夢の始まりは中学生のときから 最短距離で学び続けた
中山さんは現在都内の保育園で保育士として働いています。今のお仕事との出会いは中学のころに行った職場体験。子どもたちが楽しそうに遊んでいる姿をみて『ここで働きたいな』と思ったことがきっかけです。高校に進学してもその気持ちは変わらず、卒業後は都内の短大に進学することを決意しました。
「保育士を目指す友達は茨城で就職する子が多かったのですが、私は自立したいという気持ちが強く、また、自分の視野をもっと広くしたいと考えていました。なので都内の大学に進学することはすぐに決まりましたね。

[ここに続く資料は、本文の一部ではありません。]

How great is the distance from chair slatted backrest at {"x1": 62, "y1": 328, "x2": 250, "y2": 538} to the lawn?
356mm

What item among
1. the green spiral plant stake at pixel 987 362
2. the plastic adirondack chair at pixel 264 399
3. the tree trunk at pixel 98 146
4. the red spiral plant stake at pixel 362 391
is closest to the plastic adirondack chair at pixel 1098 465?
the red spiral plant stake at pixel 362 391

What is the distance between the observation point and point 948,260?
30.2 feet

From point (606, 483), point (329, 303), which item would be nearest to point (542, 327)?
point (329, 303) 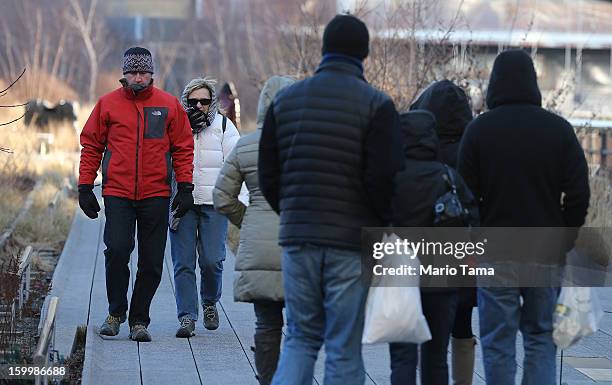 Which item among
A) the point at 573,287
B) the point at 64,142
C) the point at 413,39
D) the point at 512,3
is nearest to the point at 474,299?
the point at 573,287

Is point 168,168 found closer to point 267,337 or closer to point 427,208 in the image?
point 267,337

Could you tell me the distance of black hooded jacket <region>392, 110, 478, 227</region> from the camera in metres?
6.48

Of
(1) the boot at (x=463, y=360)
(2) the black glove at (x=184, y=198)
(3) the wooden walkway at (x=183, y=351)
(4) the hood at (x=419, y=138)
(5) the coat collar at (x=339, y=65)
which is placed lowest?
(3) the wooden walkway at (x=183, y=351)

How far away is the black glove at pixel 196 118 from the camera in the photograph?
9.57m

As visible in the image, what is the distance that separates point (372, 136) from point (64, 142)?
27919 millimetres

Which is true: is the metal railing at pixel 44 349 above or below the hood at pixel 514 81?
below

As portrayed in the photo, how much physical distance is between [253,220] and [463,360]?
138 centimetres

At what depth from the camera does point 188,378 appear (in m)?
8.20

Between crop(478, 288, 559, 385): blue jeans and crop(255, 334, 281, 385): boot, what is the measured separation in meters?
1.11

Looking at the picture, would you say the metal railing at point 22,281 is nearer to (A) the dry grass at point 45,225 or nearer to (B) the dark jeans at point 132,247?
(B) the dark jeans at point 132,247

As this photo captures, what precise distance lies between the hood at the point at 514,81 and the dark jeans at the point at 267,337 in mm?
1576

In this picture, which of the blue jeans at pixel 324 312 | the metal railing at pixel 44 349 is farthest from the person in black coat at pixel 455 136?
the metal railing at pixel 44 349

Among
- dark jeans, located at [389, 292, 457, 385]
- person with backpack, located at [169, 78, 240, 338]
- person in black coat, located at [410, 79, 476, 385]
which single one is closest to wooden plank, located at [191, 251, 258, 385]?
person with backpack, located at [169, 78, 240, 338]

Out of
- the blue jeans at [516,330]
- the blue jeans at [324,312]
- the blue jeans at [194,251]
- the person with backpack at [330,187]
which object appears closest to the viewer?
the person with backpack at [330,187] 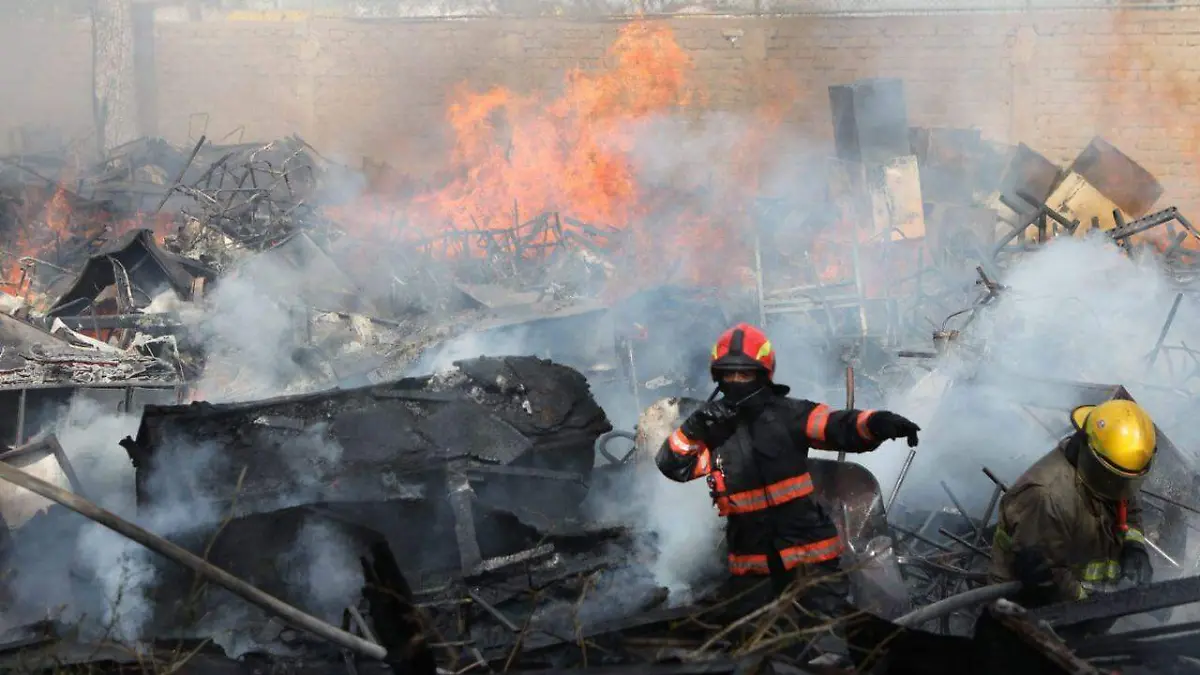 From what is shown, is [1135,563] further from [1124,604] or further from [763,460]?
[763,460]

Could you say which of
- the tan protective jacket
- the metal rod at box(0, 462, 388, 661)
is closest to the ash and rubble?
the metal rod at box(0, 462, 388, 661)

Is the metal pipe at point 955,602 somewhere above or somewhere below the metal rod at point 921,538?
above

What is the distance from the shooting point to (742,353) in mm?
4461

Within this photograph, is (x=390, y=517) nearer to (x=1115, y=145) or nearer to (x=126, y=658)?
(x=126, y=658)

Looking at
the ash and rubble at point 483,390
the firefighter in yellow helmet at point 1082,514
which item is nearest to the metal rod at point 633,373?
the ash and rubble at point 483,390

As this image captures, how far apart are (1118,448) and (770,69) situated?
13.1 meters

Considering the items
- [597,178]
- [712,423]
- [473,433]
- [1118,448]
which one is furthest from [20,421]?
[597,178]

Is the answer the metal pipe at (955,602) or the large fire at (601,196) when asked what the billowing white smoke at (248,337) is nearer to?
the large fire at (601,196)

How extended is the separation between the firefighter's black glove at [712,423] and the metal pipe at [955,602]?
1070 mm

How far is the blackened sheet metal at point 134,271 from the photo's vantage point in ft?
35.2

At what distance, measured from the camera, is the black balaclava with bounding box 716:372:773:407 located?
A: 14.8 feet

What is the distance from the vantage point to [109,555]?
5.35m

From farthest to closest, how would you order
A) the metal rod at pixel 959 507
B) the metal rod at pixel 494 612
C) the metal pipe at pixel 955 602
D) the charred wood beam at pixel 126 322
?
the charred wood beam at pixel 126 322 < the metal rod at pixel 959 507 < the metal rod at pixel 494 612 < the metal pipe at pixel 955 602

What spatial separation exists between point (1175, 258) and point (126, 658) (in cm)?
1179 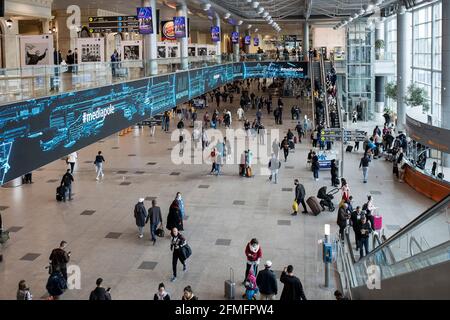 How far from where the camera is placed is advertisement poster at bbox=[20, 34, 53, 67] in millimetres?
14438

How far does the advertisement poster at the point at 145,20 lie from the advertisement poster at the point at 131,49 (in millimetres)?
2146

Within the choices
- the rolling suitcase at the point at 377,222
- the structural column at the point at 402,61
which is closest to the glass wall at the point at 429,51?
the structural column at the point at 402,61

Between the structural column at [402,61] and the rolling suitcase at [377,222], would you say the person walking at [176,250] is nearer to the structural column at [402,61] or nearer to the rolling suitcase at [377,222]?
the rolling suitcase at [377,222]

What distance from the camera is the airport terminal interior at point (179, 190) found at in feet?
30.9

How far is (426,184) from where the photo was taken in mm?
17578

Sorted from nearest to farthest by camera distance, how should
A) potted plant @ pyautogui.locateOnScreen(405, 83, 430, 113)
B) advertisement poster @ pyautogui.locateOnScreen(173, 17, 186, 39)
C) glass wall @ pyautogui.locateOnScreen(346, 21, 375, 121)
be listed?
advertisement poster @ pyautogui.locateOnScreen(173, 17, 186, 39)
potted plant @ pyautogui.locateOnScreen(405, 83, 430, 113)
glass wall @ pyautogui.locateOnScreen(346, 21, 375, 121)

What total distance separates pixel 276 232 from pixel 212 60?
1986 centimetres

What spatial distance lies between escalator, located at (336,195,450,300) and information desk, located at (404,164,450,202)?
10.1 metres

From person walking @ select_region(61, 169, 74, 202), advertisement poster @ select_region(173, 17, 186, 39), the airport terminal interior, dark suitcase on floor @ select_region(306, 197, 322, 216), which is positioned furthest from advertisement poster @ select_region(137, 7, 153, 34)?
dark suitcase on floor @ select_region(306, 197, 322, 216)

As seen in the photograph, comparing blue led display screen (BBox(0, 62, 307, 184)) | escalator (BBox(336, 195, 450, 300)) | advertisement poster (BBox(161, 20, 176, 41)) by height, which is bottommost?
escalator (BBox(336, 195, 450, 300))

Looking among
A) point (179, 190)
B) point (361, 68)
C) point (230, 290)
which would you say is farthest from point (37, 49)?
point (361, 68)

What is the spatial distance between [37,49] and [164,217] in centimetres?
605

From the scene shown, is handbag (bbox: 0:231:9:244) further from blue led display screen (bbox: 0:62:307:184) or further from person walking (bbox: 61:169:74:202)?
person walking (bbox: 61:169:74:202)

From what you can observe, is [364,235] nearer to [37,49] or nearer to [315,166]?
[315,166] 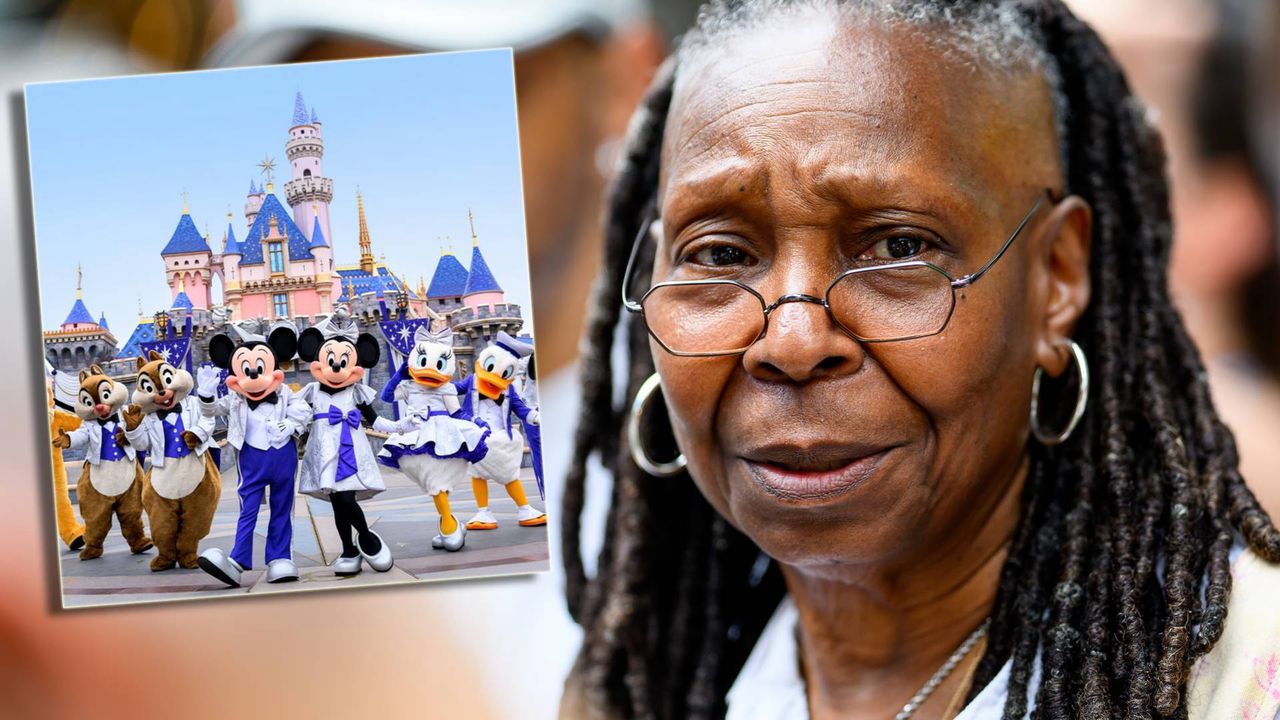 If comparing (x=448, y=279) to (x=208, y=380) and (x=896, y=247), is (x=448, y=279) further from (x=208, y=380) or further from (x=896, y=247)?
(x=896, y=247)

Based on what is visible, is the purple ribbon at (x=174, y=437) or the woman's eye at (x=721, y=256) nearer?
the woman's eye at (x=721, y=256)

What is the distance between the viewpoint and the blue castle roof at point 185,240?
2.05 meters

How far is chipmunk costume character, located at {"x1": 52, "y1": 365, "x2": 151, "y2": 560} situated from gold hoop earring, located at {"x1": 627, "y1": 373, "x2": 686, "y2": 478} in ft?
2.71

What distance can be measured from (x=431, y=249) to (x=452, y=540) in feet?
1.56

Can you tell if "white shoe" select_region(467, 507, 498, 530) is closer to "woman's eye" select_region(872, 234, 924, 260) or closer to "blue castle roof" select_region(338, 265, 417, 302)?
"blue castle roof" select_region(338, 265, 417, 302)

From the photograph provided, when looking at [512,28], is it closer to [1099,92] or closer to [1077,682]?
[1099,92]

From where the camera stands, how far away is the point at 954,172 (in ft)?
5.96

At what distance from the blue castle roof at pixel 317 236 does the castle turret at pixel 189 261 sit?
0.17 metres

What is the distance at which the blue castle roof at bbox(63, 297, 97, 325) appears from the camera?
2066mm

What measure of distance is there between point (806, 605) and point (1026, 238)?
732 mm

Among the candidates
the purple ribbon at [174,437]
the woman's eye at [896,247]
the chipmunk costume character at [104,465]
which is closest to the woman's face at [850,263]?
the woman's eye at [896,247]

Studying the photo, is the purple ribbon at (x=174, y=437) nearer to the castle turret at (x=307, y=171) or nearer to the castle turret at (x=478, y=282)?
the castle turret at (x=307, y=171)

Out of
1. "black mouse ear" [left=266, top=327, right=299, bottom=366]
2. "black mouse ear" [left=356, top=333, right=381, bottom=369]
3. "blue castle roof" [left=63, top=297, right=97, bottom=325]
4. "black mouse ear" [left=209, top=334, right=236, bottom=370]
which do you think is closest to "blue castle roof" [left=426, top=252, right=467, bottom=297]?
"black mouse ear" [left=356, top=333, right=381, bottom=369]

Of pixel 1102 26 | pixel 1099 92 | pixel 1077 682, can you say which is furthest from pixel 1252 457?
pixel 1077 682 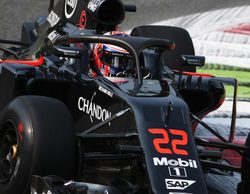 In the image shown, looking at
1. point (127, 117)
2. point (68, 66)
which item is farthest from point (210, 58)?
point (127, 117)

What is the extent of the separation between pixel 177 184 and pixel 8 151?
1.21 m

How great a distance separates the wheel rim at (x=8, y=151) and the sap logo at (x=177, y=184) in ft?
3.36

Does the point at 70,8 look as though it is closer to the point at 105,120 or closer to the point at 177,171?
the point at 105,120

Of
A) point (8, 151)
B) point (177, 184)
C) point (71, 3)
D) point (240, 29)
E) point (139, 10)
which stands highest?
point (71, 3)

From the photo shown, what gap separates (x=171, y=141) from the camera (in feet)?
14.6

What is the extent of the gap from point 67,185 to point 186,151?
2.48ft

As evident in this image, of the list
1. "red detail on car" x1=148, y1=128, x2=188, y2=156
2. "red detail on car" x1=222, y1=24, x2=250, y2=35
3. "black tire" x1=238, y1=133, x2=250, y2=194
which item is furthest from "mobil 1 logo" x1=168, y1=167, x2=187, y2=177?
"red detail on car" x1=222, y1=24, x2=250, y2=35

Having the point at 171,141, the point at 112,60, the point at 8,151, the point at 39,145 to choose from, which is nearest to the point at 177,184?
the point at 171,141

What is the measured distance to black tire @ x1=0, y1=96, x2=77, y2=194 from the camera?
4.46m

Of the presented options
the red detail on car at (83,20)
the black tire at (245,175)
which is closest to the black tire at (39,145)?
the black tire at (245,175)

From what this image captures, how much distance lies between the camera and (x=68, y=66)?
5.62 meters

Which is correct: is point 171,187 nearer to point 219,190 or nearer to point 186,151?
point 186,151

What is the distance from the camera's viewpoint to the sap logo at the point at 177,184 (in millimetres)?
4215

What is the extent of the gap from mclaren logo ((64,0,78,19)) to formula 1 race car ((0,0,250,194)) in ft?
0.49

ちなみに、幼稚園や保育園の資格にはいくつか種類があって、4年制の大学へ進学すれば将来指導者になるときに便利なんですよ。保育士としてのキャリアは広がりますよね。でも私の場合は、大学へ進学して4年間という時間で学びを深める、という学校生活よりも、早く実践を積んで一人前になろう。そんな想いが強く、結果的に短大を選びました。」
念願の保育士デビュー 好きなことに時間をさけない 日々が続いた
大学卒業後は幼稚園に就職し、念願の先生として働き始めましたが、そこで初めての試練が訪れます。職場の人との人間関係がうまくいかず、自身と葛藤する日々が続いたのです。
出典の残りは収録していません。